Les systèmes avioniques seront profondément modernisés, avec notamment l’intégration d’un affichage panoramique (WAD) pour une conscience situationnelle élargie ainsi qu’un cockpit entièrement numérisé. Pionniers à l’échelle mondiale, les Su-30MKI indiens bénéficieront d’un cockpit doté d’une intelligence artificielle (IA) conçue pour alléger la charge de travail des pilotes en automatisant les tâches routinières telles que la priorisation des menaces et les ajustements de navigation. Un officiel de l’IAF a précisé que cette IA, bien que moins avancée que celle prévue sur l’AMCA, contribuera néanmoins à réduire la charge de travail du pilote.

La capacité défensive sera renforcée par un nouveau pod de brouillage autoprotégé (Airborne Self-Protection Jammer – ASPJ) développé localement, offrant une couverture spectrale élargie et des capacités de brouillage adaptatif contre les radars et missiles ennemis, une avancée significative par rapport aux systèmes russes existants.

Le calculateur de commandes de vol numérique (Digital Flight Control Computer – DFCC), système hybride indo-russe, bénéficiera d’une refonte complète. S’appuyant sur l’architecture avancée 64 bits développée pour le Tejas MkII, cette mise à niveau offrira une puissance de calcul nettement supérieure, améliorant le suivi en temps réel des paramètres de vol, la fusion des capteurs et la fiabilité globale, rapprochant ainsi le Su-30MKI des standards de traitement informatique de la 5e génération.

Hindustan Aeronautics Limited (HAL) remplacera également le système infrarouge de recherche et de poursuite (IRST) obsolète par une version de pointe issue du Tejas MkII. Ce nouvel IRST propose de meilleurs taux de balayage et portées de détection passive, permettant l’acquisition discrète de cibles sans émission radar, un atout crucial dans les environnements à haute menace.

Le calendrier de mise à niveau s’inscrit dans la feuille de route globale de modernisation de l’IAF. L’usine de HAL à Nashik commencera les travaux sur les 84 premiers avions après 2030, en ciblant en priorité les appareils les plus anciens. Les phases suivantes porteront la cadence à 12-15 exemplaires par an d’ici 2035, avec des révisions moteur prévues à Koraput. Doté d’un budget initial de 20 000 crores de roupies (environ 2,5 milliards d’euros) approuvé en 2023, le programme s’inscrit dans un investissement plus large entre 60 000 et 70 000 crores, visant une indigenisation de 70 à 80 % grâce à la collaboration DRDO-HAL.
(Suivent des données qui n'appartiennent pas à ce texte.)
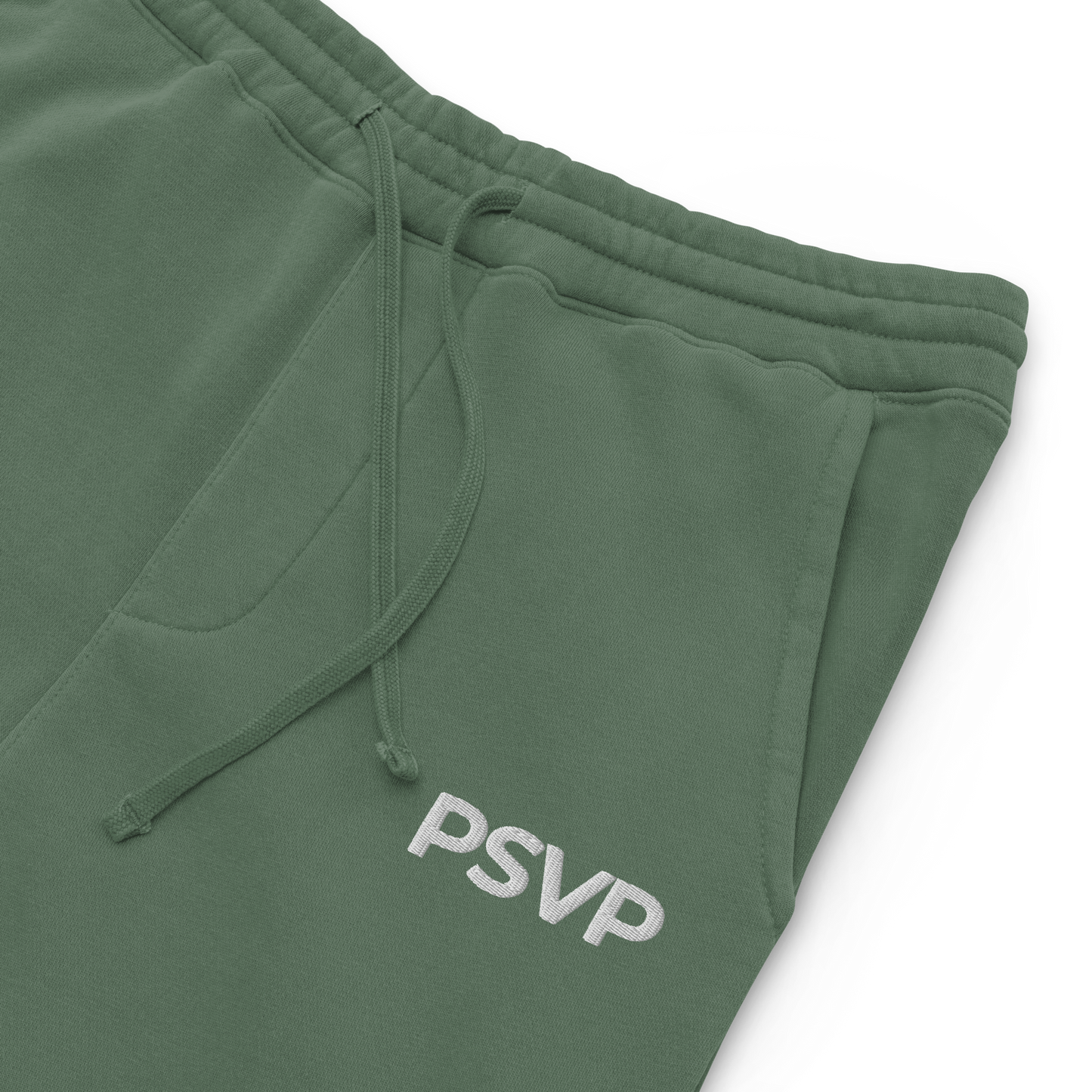 Women's Pigment-Dyed Alpine Green Sweatpants - PSVP Embroidery | Sweatpants | PARADIS SVP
Ce « renouveau », selon les mots du maréchal Singh, tire des enseignements d’opérations récentes comme l’opération Sindoor en mai 2025, où les Su-30 modernisés ont démontré des capacités accrues dans les missions de suppression des défenses aériennes ennemies (SEAD/DEAD). L’intégration d’armes telles que le missile BrahMos-NG et les missiles air-air à longue portée Astra BVRAAM renforcera encore leur potentiel de frappe.